On the other hand, plaintiff argues strenuously that his case is distinguishable from Stockwell on their respective and controlling facts. In Stockwell, the DUI suspect was taken, albeit forcibly and with continuing resistance, to the state police barracks for processing. At the barracks the suspect was asked expressly to submit to a breath test for evidentiary purposes. He was fully advised of the statutory rights attendant upon the request, and he talked by phone with a public defender contacted on his behalf by the police. He was informed that, from that point, he had thirty minutes in which to decide whether he would agree to or refuse the requested breath test. Nevertheless, before the expiration of the thirty minutes the police concluded that he had refused the test. This conclusion was based on his ongoing violent and abusive conduct both verbal and physical. In our opinion disposing of the case, this Court said:

Plaintiff was consistently belligerent and uncooperative throughout. He showed not the slightest indication that he was giving any serious consideration to the request [to submit to testing] made of him several times; he pushed the officers well beyond the limits of any further necessary patience. . . .

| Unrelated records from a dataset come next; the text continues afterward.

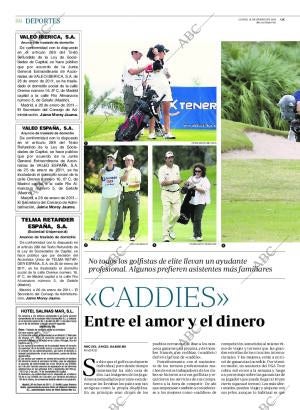 ABC CORDOBA 31-01-2011 página 88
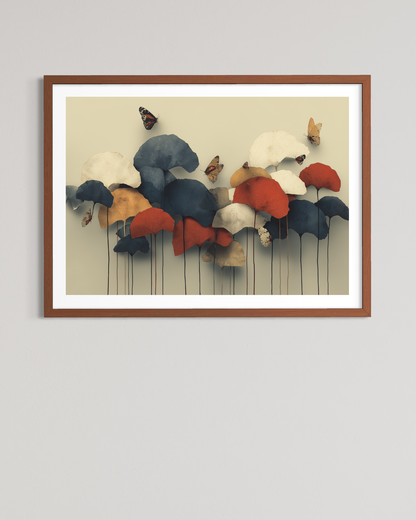 OBRA0345 – 100 x 70 cm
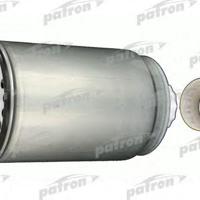 Деталь patron pf3057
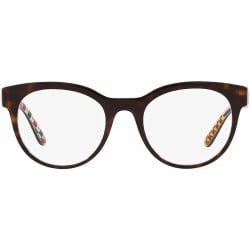 Monture de Lunettes Femme Dolce & Gabbana PRINT FAMILY DG 3334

On the record before us we hold that the police were justified in concluding . . . that plaintiff had refused to submit to testing [although there had been no express refusal].

Id. at 51, 460 A.2d at 469.

In attempting to distinguish the matter before us from the earlier case, plaintiff points out that, unlike Stockwell, the Vernon police never asked him expressly to take a breath test, nor did they advise him of the statutory rights which normally accompany such a request. He concludes that he could not be found to have refused a test he was never asked to take.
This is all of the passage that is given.